As data grows in abundance and importance for decision-making in many industries, anomaly detection methods that are fast, accurate and automated are increasingly vital. Many well-established anomaly detection methods use the distance of a sample to those in its local neighbourhood: so-called `local outlier methods', such as LOF and DBSCAN. They are popular for their simple principles and strong performance on unstructured, feature-based data that is commonplace in many practical applications. However, they cannot learn to adapt for a particular set of data due to their lack of trainable parameters. In this work, we begin by unifying local outlier methods by showing that they are particular cases of the more general message passing framework used in graph neural networks.

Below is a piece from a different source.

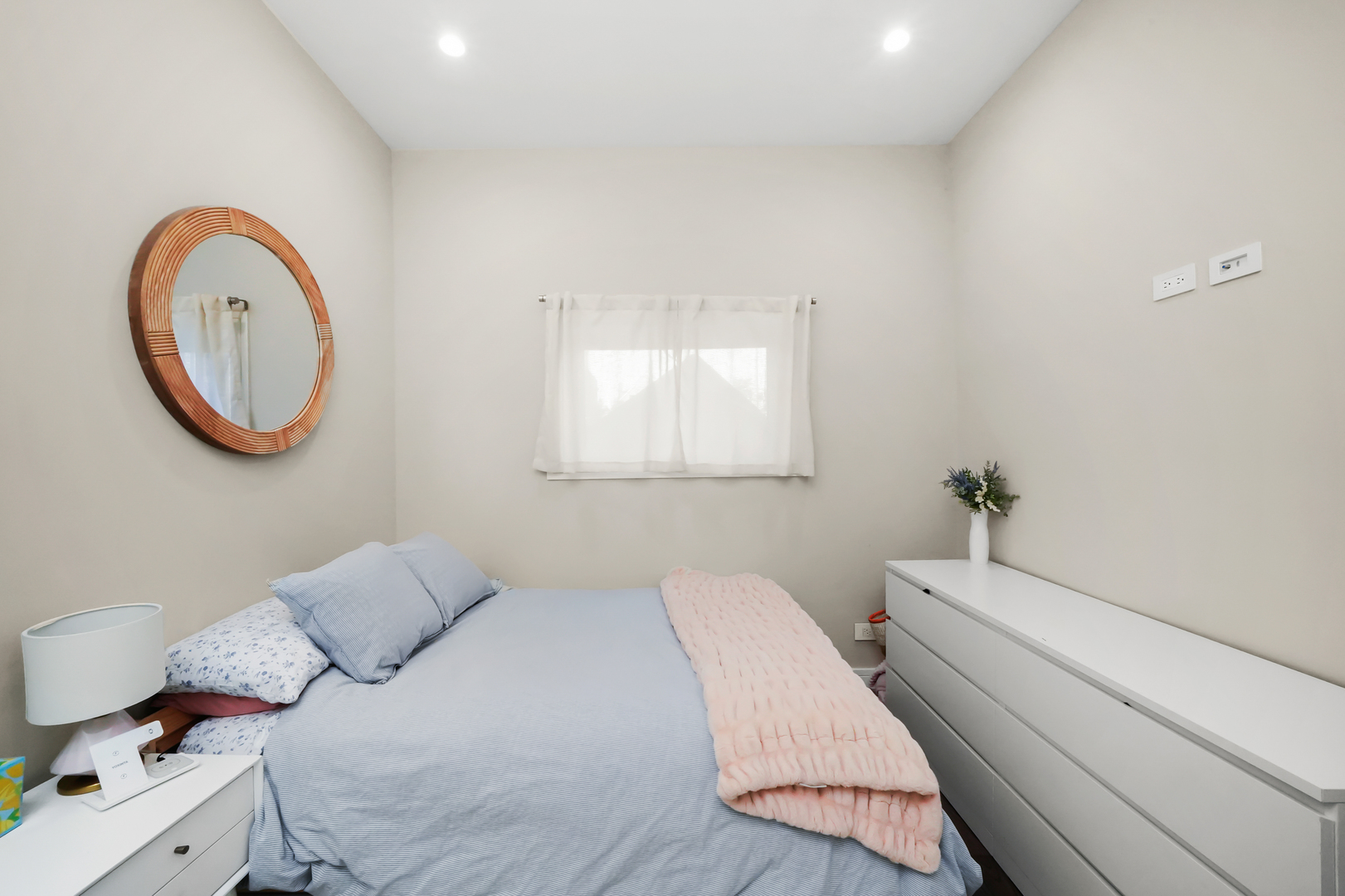 834 N Marshfield Avenue Unit: 2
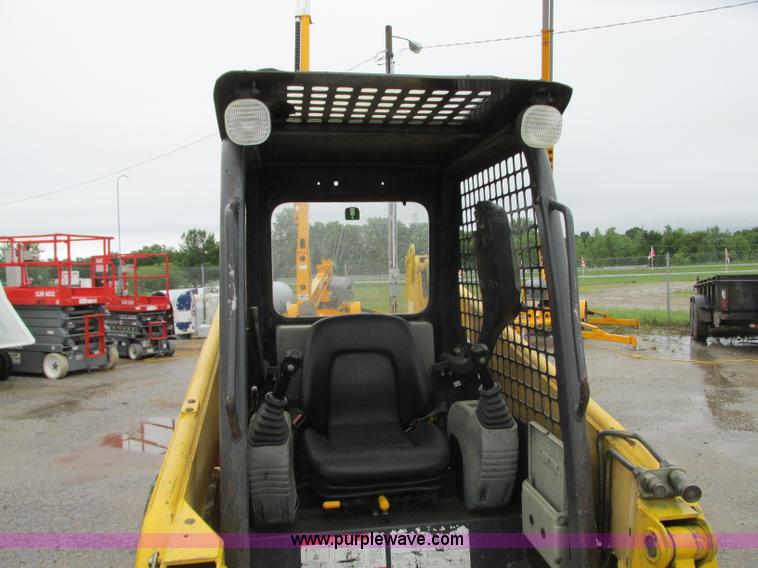 image for item R9316 2003 Komatsu SK815 skid steer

This allows us to introduce learnability into local outlier methods, in the form of a neural network, for greater flexibility and expressivity: specifically, we propose LUNAR, a novel, graph neural network-based anomaly detection method. LUNAR learns to use information from the nearest neighbours of each node in a trainable way to find anomalies. We show that our method performs significantly better than existing local outlier methods, as well as state-of-the-art deep baselines. We also show that the performance of our method is much more robust to different settings of the local neighbourhood size.


Speaker bio:

 See-Kiong Ng (Ph.D. Carnegie Mellon University) is a Professor of Practice at the Department of Computer Science of the School of Computing at National University of Singapore (NUS), and the Deputy Director of the university’s Institute of Data Science. See-Kiong obtained his Bachelor (1989), Masters (1993), and Ph.D. (1998) degrees in Computer Science from Carnegie Mellon University and a Masters (1991) degree in Artificial Intelligence from University of Pennsylvania. Prior to joining NUS in 2016, See-Kiong was a Programme Director of the Urban Systems Initiative by the Science and Engineering Research Council of the Agency of Science, Technology and Research (A*STAR), and the founding head and principle scientist of its Data Mining Department. Currently, See-Kiong’s mission at NUS is to leverage his data science and AI expertise for transdisciplinary and translational research into important real-life problems and education of the next generation of data scientists. From using the computation of data to better understand the biology of the human body, See-Kiong is using machine learning and artificial intelligence to understand the “biology” of complex human cities and societies and creating real-world impact with the science of data.


讲题:基于图神经网络的统一局部离群点异常检测方法

讲座大纲

随着数据的日益丰富和对许多行业决策的重要性,快速、准确和自动化的异常检测方法越来越重要。许多成熟的异常检测方法使用样本与其局部邻域内样本的距离,即所谓的"局部离群点方法",如LOFDBSCAN。它们以其简单的原理和对许多实际应用中常见的非结构化、基于特征的数据的强大性能而备受欢迎。然而,由于缺乏可训练的参数,它们无法学习适应特定的数据集。在这项工作中,我们首先统一了局部离群点方法,表明它们是更一般的图神经网络消息传递框架的特例。这使得我们可以将可学习性以神经网络的形式引入到局部离群点方法中,以获得更大的灵活性和表达能力。具体来说,我们提出了一种新的基于图神经网络的异常检测方法LUNARLUNAR学习以可训练的方式使用每个节点的最近邻居的信息来发现异常。实验表明LUNAR的性能显著优于现有的局部离群点方法,以及最先进的深度学习方法。此外,LUNAR的性能对局部邻域大小的不同设置更加稳健。

主讲人简介:

黄思强博士为新加坡国立大学计算学院计算机科学系教授,新加坡国立大学数据科学研究所副所长。1986年,他获得新加坡国家电脑局海外奖学金赴美国学习,先后获得卡内基梅隆大学的计算机科学学士(1989年)、硕士(1993年)和博士(1998年)学位,以及宾夕法尼亚大学的人工智能硕士学位(1991年)。黄博士曾担任新加坡科技研究局(A*STAR)组织的城市体系计划主任,并担任了新科研信息通信研究所数据分析部门的创始负责人和首席科学家。目前,黄博士于国大新设立的数据科学研究所,着力为新加坡培养新一代杰出的数据科学家,并与多个行业与公共机构进行成功的研究合作,以数据科学开发实用的人工智能技术。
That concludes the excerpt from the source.